Anti-intellectualism is hostility to and mistrust of intellect, intellectuals, and intellectualism commonly expressed as deprecation of education and philosophy, and the dismissal of art, literature, and science as impractical and even contemptible human pursuits.
Anti-intellectuals present themselves and are perceived as champions of common folk—populists against political and academic elitism. They tend to see educated people as a status class detached from the concerns of most people, and feel that intellectuals dominate political discourse and control higher education. In short: popular culture is permeated with anti-intellectualism. It has almost become a reaction of the mind, when confronted with intellectualism.
New Age is in that sense clearly a part of the popular culture, you might even say that New Age is the top ideology of popular culture. But in my Pop Culture Files I seek to bring Popular culture to philosophy, in order to show that many of the most popular themes in pop culture actually have very deep philosophical implications, which not at all are anti-intellectual and must be said to be in direct opposition to New Age.
The danger in anti-intellectualism is easily seen when one consider what it has been used for. Totalitarian governments manipulate and apply anti-intellectualism to repress political dissent. During the Spanish Civil War (1936–1939) and the following right-wing dictatorship (1939–1975) of General Francisco Franco, the reactionary repression of the White Terror (1936–1945) was notably anti-intellectual, with most of the 200,000 civilians killed being the Spanish intelligentsia, the politically active teachers and academics, artists and writers of the deposed Second Spanish Republic (1931–1939). In the Communist state of Democratic Kampuchea (former Cambodia in Indochina of Southeast Asia), (1975–1979), the Khmer Rouge régime of Pol Pot condemned most of the non–Communist intelligentsia to death in the Killing Fields.
Anti-science views have been amplified by the political wave of populism that is sweeping not only over America but also Europe. Populism is the key factor in the election of Donald Trump as the President of US. The key elements of this kind of populism are anti-elitism and nativism, which can translate into anti-immigrant views. The role of globalization in the creation of not only economic but also knowledge inequality has amplified these feelings of resentment.
Populism is a mode of political communication that is centred around contrasts between the "common man" or "the people" and a real or imagined group of "privileged elites", traditionally scapegoating or making a folk devil of the latter.

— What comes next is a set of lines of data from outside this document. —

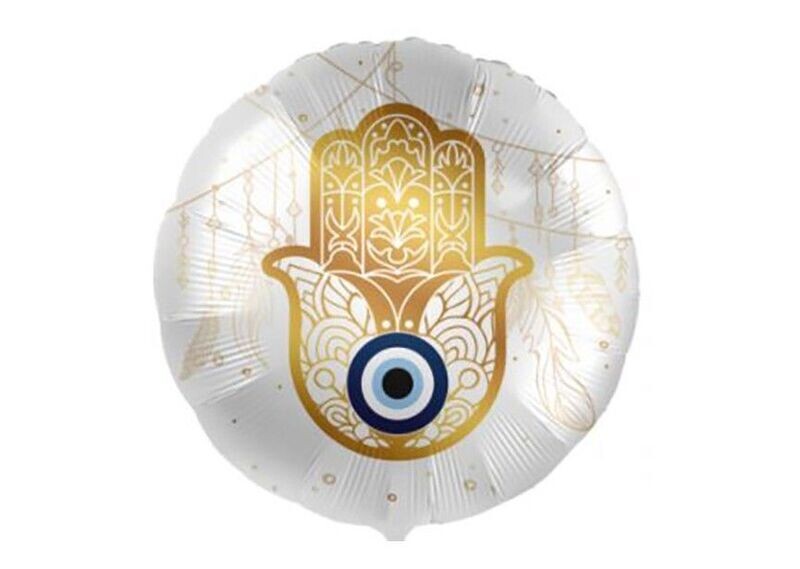 Hand of Hamsa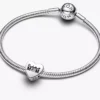 Basketball Mom Charm aus Sterlingsilber Basketball Mom Charm aus Sterlingsilber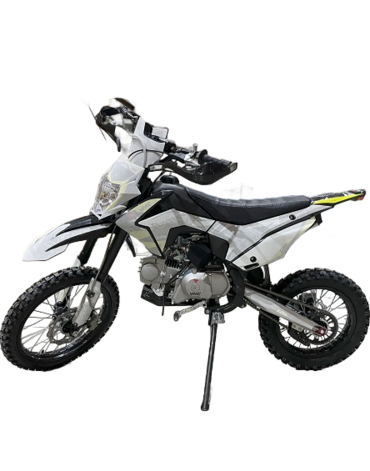 Питбайк VMC 17 14 125см3 (эл.стартер)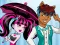 Monster High  – kostenloses Online-Spiel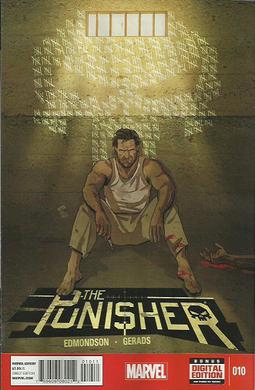 <i>The Punisher</i> (2014 series)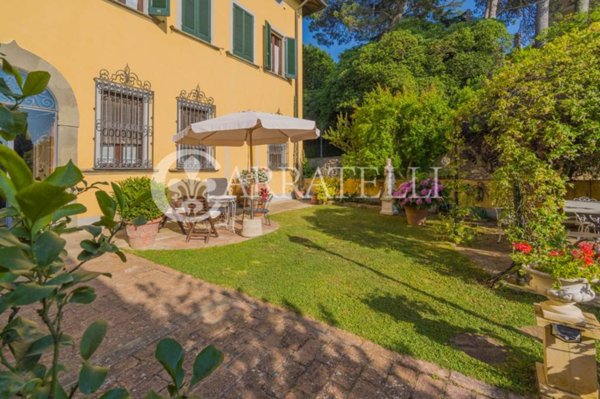 villa in vendita a Casciana Terme Lari in zona Lari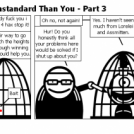 Rufio: More Nonstandard Than You - Part 3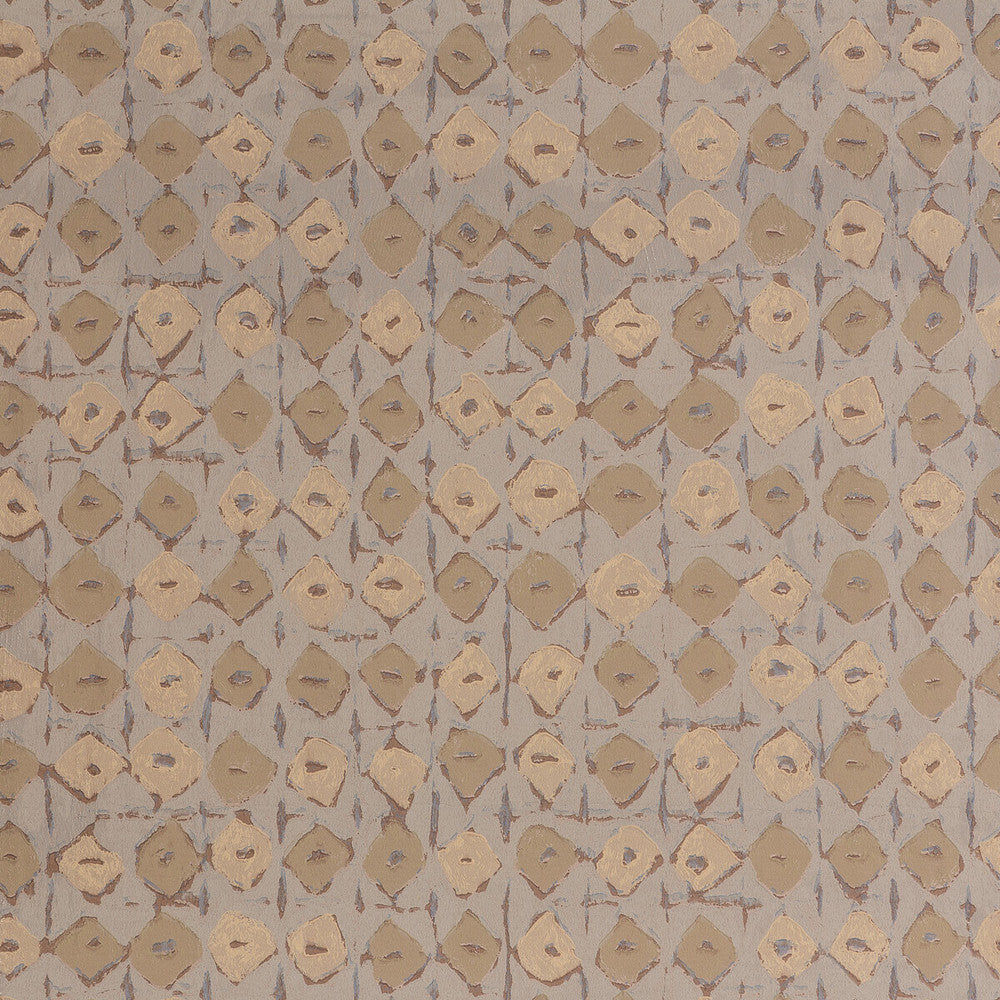 Batik 1 by Kravet Design Wallcovering Kravet Design Wallcovering Batik 1Wallcovering LIZZO NATURAL PRODUCTS - 60%;SYNTHETIC - 40% Spain </p><p>Repeat: H: 27.6, V: 25.2 27.6 - Fabric Carolina -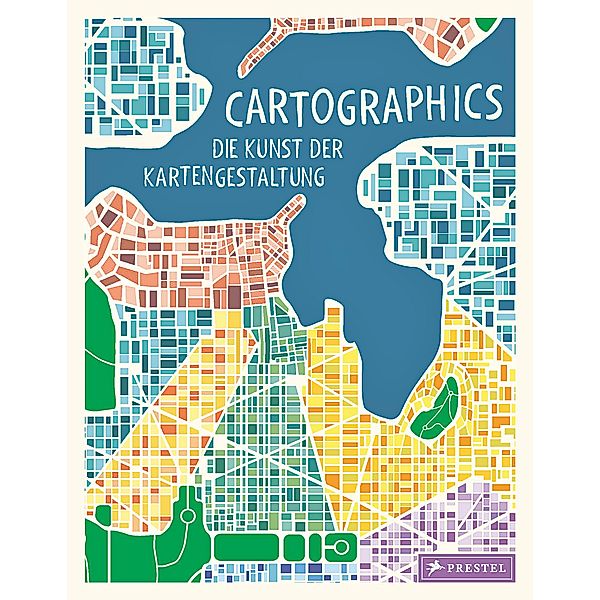 Cartographics, Jasmine Desclaux-Salachas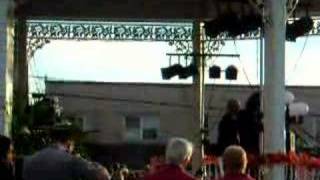 The Clarks - Anymore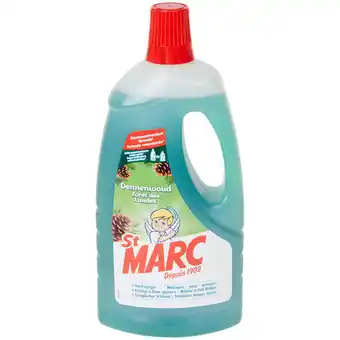 Action St.marc vloeibare verfreiniger aanbieding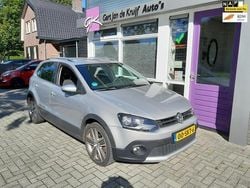 Beige Gebruikt 2011 VW Polo Cross Hatchback | € 6.950 (Eerlijke prijs)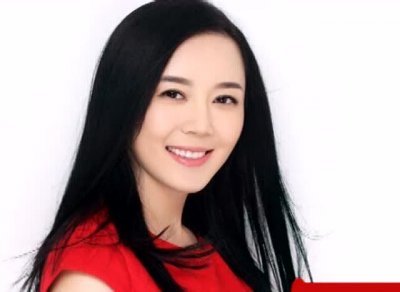 ​魏新雨的照片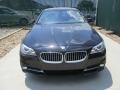 2016 Jet Black BMW 5 Series 535i xDrive Sedan  photo #6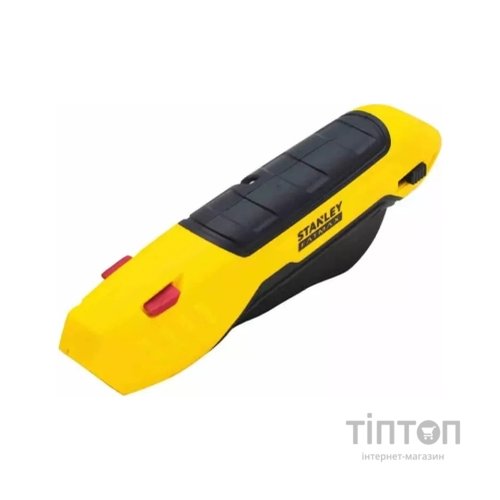 Ніж монтажний Stanley FATMAX Box Box трапецеподібне лезо (FMHT10369-0)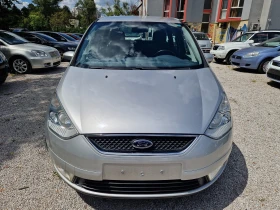 Ford Galaxy 2.0TDCI/7места - 8500 лв. - 82574093 2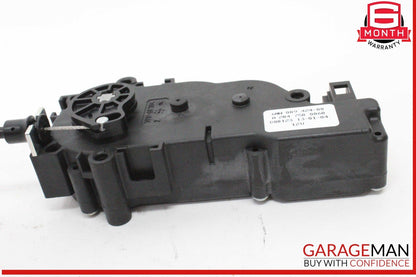 10-18 Mercedes X166 GL450 Trunk Lid Power Closing Motor 2047500060 OEM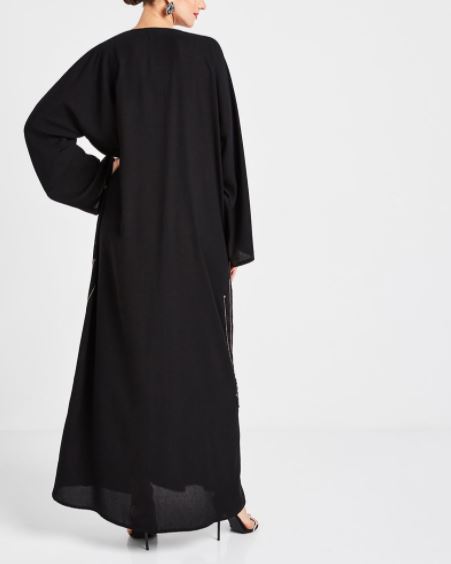 Abaya-AJARC16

Populists can fall anywhere on the traditional left–right political spectrum of politics, and can often be characterized as centrist where populists portray both bourgeois capitalists and socialist organizers as unfairly dominating the political sphere.
Political parties and politicians often use the terms populist and populism as pejoratives against their opponents. Such a view sees populism as demagogy, merely appearing to empathize with the public through rhetoric or unrealistic proposals in order to increase appeal across the political spectrum.
Populism is most common in democratic nations. Political scientist Cas Mudde wrote that "Many observers have noted that populism is inherent to representative democracy; after all, do populists not juxtapose 'the pure people' against 'the corrupt elite'?"
Another facet of the politicization of science is the effect of the postmodernism movement, which occurred in the latter part of the twentieth century, but has roots back to the Sophists in ancient Greece. I have characterized postmodernism as the intellectualism (or rather anti-intellectualism) behind New Age and the Self-help industry ( see my article Constructivism: the Postmodern Intellectualism behind New Age and the Self-help Industry).
This movement represents a distrust of the Enlightenment principle of rationality. Although the term postmodernism has traditionally been applied to the humanities, it has broad implications for attitudes toward science, promoting the idea that truth is contextual, depending on one´s culture, education, and life experiences. This attitude is misplaced when dealing with scientific facts. Journalism has a great role in promoting the “other side” of disagreements regarding scientific issues, even when the weight of evidence overwhelmingly supports one conclusion. This mistakenly gives opinion the same weight as fact.
One of the unfortunate results of postmodernism is that individuals see scientific issues in ways that fit their preconceptions and make them comfortable. As individuals mature, they may gravitate toward the political party whose views they share on other nonscientific issues. The public´s gravitation to biased television reporting, social media, and Internet resources that fit their worldview as sources of information on scientific issues further calcifies their opinions. To see this in the New Age movement is especially disturbing, because New Age at the same time are promoting spiritual issues, which in that way are being deeply distorted. It is namely so, that when you make a google search on spiritual issues, you will almost inevitable end up on a New Age promoting site. Related to this is the Matrix Dictionary entry on The Illusion of Knowledge.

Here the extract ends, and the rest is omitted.